Tips For Young Creatives No.1 - Don't Over-Polish

Although there are many, many people in this world who are better at writing ads than I am, most of them don't seem to have blogs, whereas I do. So until something better comes along, I'm going to start trying to come up with a few tips for the young creatives out there.

And if the amount of wisdom a person has can be measured by the quantity of mistakes they've made, I have quite a bit of wisdom to impart.

So here we go with Tip No. 1

It concerns the age-old question... "when do you go in?" Do you wait until you have an idea that you would die on a sword for before you go in and see your creative director? Or do you go in when you have four or five ideas you like, and rely on him to pick the best one out - after all, "that's his job"? Or do you go in with 'just a few thoughts', and aim to work with him on turning one of them into something good?

Well, partly you have to be guided by the attitude of your creative director.

I remember one CD, years ago, telling me "I want you to run in". By this he meant, don't show me any work on a brief until you are so excited that you can't hold yourself back from physically sprinting into my office.

That much lack of guidance is rare.

But if you are getting too many insults - and a lot of creative directors seem to specialise in the finely-honed insult - then this is a clue that you are going in too early. (We once showed something to Jeremy Craigen when I was at DDB and he said: "That is a really good ad... for McCann's Frankfurt, maybe.")

At the other end of the scale is the "bring me your wounded, bring me your lame" attitude - i.e. show me anything you've got, and let's see if we can make it work.

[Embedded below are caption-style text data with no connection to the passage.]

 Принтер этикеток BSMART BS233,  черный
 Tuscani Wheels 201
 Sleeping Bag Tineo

Apparently Dave Droga tries to see all of his teams every day. His attitude is that as a creative, time is your only resource. And he doesn't want his creatives wasting any. He doesn't want them working for more than one day on a thought that he might then not like. He'd rather see all their half-thoughts than one or two finished ones.

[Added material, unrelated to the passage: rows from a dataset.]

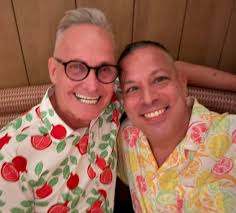 Sorry if this is the wrong place to ask this but we've recently moved here  from Atlanta. I'm wondering if anyone here can tell me about any groups or  events geared at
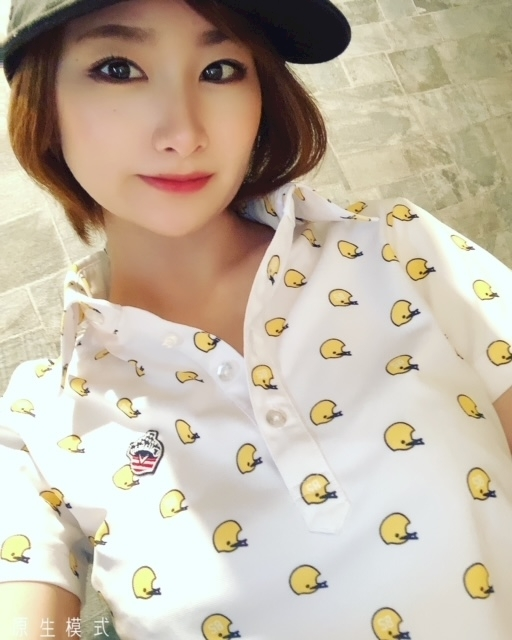 妃乃 すず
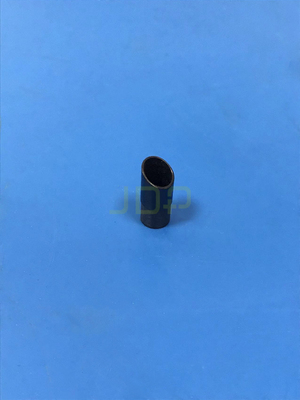 CERAMIC CARTRIDGE FOR WOLF 8675322 ELECTROSCOPE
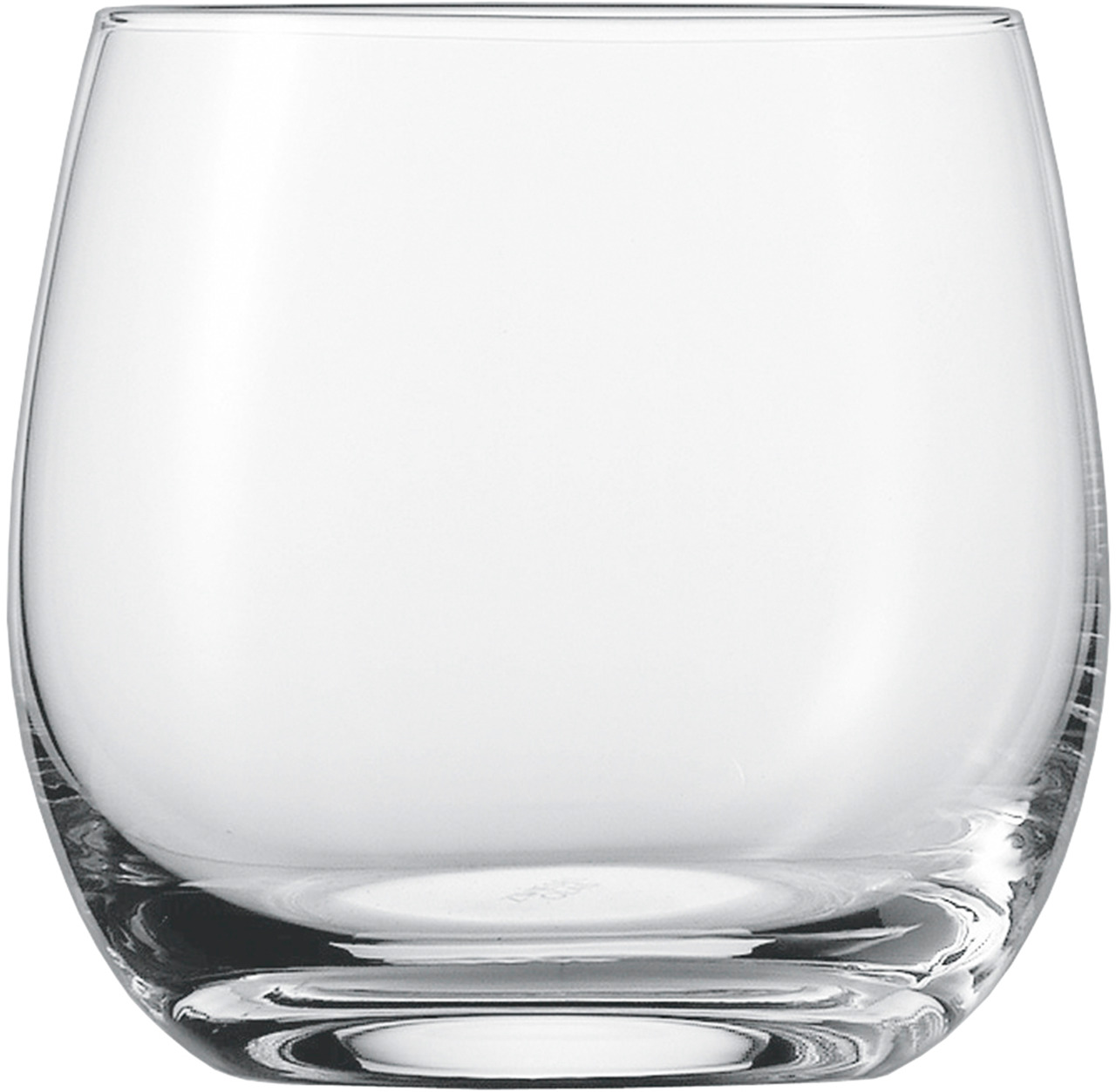 Becher 87 mm / 0,34 l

So be guided by the attitude of your creative director. But as a general rule, I think young teams should go in with more than one idea. Young creatives often have great ideas and they don't know they're great, because they don't have the experience to recognise it. So go in early, go in often, go in with anything you've got that's coherent, draw stuff up clearly but not beautifully, and don't spend hours crafting dialogue.

After all, you don't want to spend days buffing up some precious gem only to be told by your CD that you've been polishing a turd.


Anonymous said...

That's exactly the kind of info I look for on the web but can't find so thank you for taking up the baton.

I know I have issues sorting the wheat from the chaff - I can only assume that you get better at it as you go along, so it's good to hear your perspective on it.

What's next?

Anonymous said...

if your creative director smokes then smoke. You would be surprised how much bullshit you can offload or pick up in 2 minutes downstairs

Anonymous said...

I agree with onewoman - this is just the sort of wisdom drawn from experience that make blogs like this so valuable. Nicely done.

William said...

It's about time we had some insights. Brilliant.

Anonymous said...

I tend to agree with you Scamp. In addition to being a good way to avoid wasting time on non-starters, i reckon showing your ideas early makes them more likely to get up. The more of a hand various gatekeepers feel like they have in your work, the more likely they are to champion it.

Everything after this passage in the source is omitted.